Como comecei o assunto, não vou recuar. Já observaram caixinhas de som, daquelas portáteis? Estão virando verdadeiras pragas, tipo gafanhoto ou formiga cabeçuda, com todo respeito à classe dos insetos “devoradores” de plantas. Será vingança das cigarras? Imagina que você está caminhando, seja numa praça ou na orla da praia, e do nada surge um som estridente, repetitivo, geralmente alto, que preenche vazios. Você vai, vem, volta mais tarde e a tal caixinha ali, horas e horas tocando a mesma música, dona de si, independente de pilha, de fio ligado na tomada, etc. Ela vive, escolhe as músicas que quer tocar, entra nos mais distantes e distraídos ouvidos e não há como se livrar dela. O que Darwin falaria sobre isso?

Outra coisa: latinhas de cerveja. Companheiras inseparáveis de alguns, chego a pensar que ganharam vida. Talvez seja o contato íntimo que estabeleceram com certas pessoas. Pouco mais de cem anos foi o tempo que elas levaram para evoluir. Darwin teria de trabalhar rápido e com afinco se quisesse entender o fenômeno.

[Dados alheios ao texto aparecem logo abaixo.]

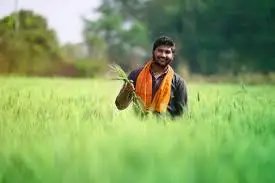 महाराष्ट्र सरकार की कृषि क्षेत्र को बढ़ावा देने के लिए 25,000 करोड़ रुपये के परिव्यय वाली नई योजना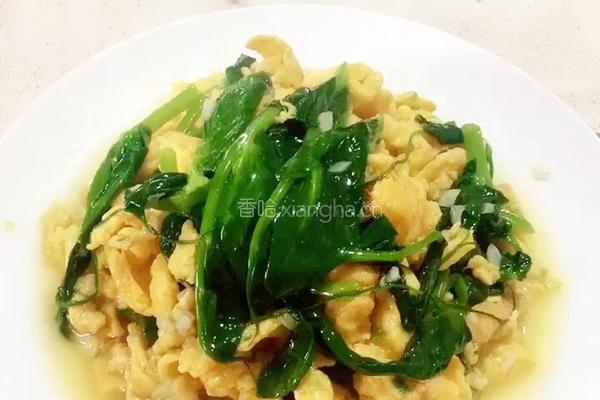 （正月十五闹元宵）豌豆尖炒鸡蛋的做法图解9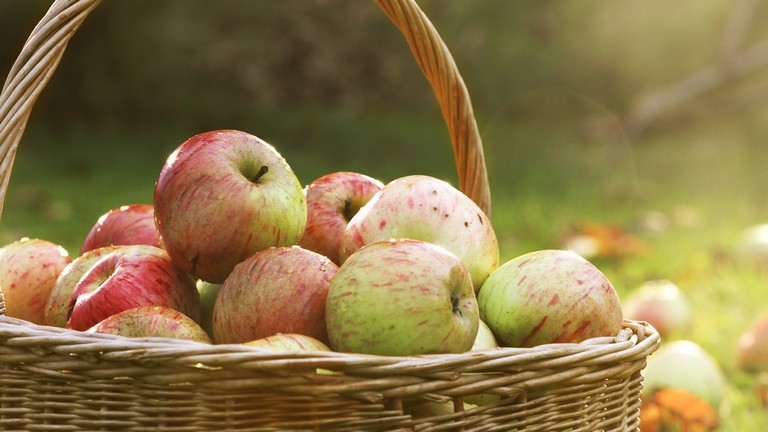 Váratlan hírek érkeztek a lengyel almáról: valami nagyon beindult az országban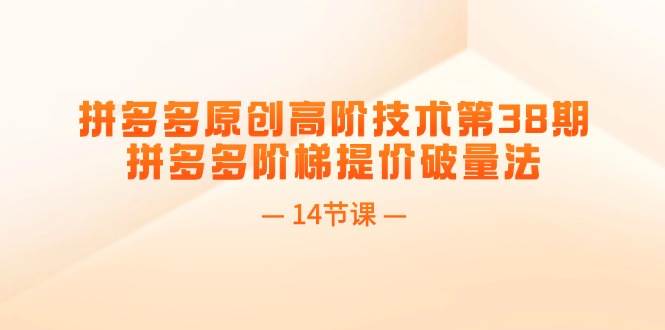拼多多原创高阶技术第38期，拼多多阶梯提价破量法（14节课）汇创网-网创项目_汇创网_中创网_福缘网_冒泡网_资源整合平台汇创网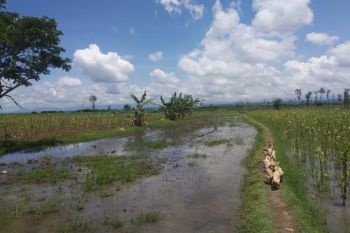 Musim hujan, destinasi wisata Savana Rumput Hijau Bendungan Batujai tenggelam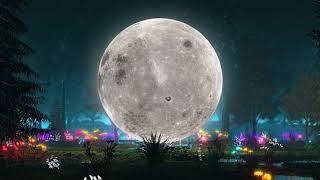 Mon Soleil   Slowedreverb  Dadju X Anitta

Sozinhas ou acompanhadas, sempre aparecem latinhas no pedaço. Cheias, vazias, dissimuladas, lá estão. Mesmo nos locais mais recônditos do mundo, não desistem. E vieram com complementos: o catador, o reciclador, as latinhas perdidas, as dos colecionadores – além de virarem objetos secundários derivados, como copos improvisados, fogareiros, etc. A versão mais comum da espécie é representada pelo mutualismo quase perfeito entre a mão que segura a latinha, que a conduz rumo a qualquer lugar, e a própria. Na maioria das vezes, o destinatário do líquido, seja cerveja ou refrigerante, está sentado, quase em estado vegetativo, adormecido, pensando em sabe-se lá o quê. Incrível é quando a latinha é atirada longe, espatifando-se no meio-fio. Tenho certeza de que Darwin estaria a postos para recolher uma delas e levar para a Inglaterra a bordo do Beagle. Poderia realizar pesquisas avançadas em evolução e biossíntese.

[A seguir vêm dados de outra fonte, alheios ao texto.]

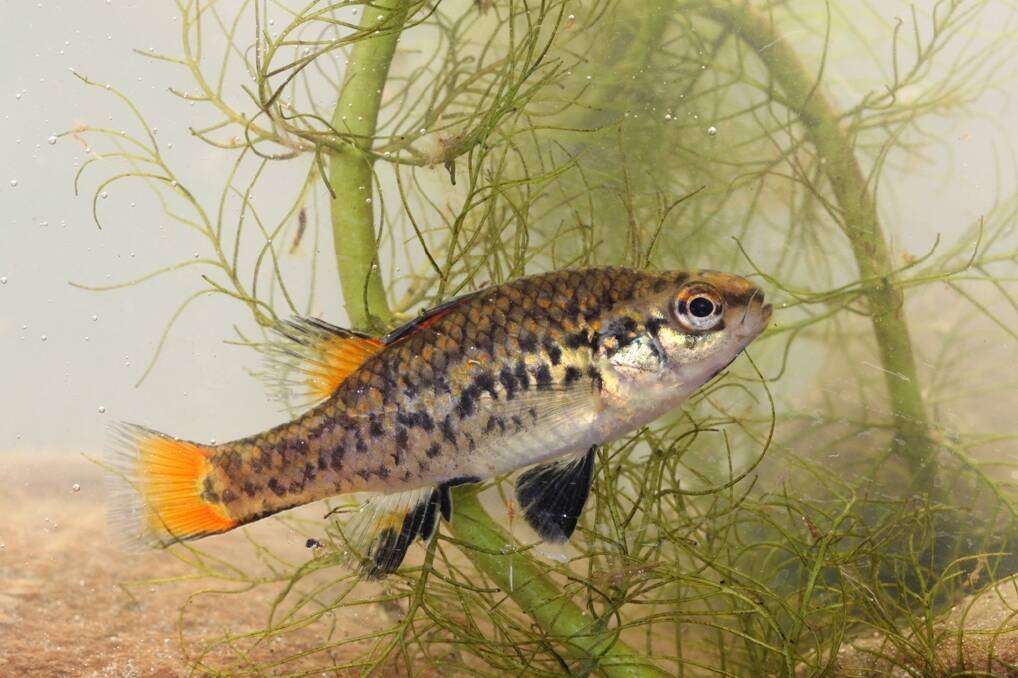 LOSS: One of the main threats to the southern pygmy perch is the loss of aquatic plant habitat.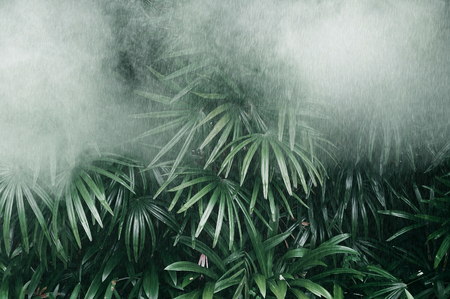 Vertical garden with tropical green leaf with fog and rain, Dark tone の写真素材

Sem esquecer as conversas, via GPS, que já estabelecemos com os carros, outro objeto com os quais já estamos nos fundindo numa perfeita simbiose são os celulares. Avançou tanto a fusão que muitos deles dormem conosco, tomam banho, choram junto, participam dos sucessos e insucessos amorosos. São tantos os desafios. Às vezes, fico pensando, seria melhor deixar Darwin quietinho.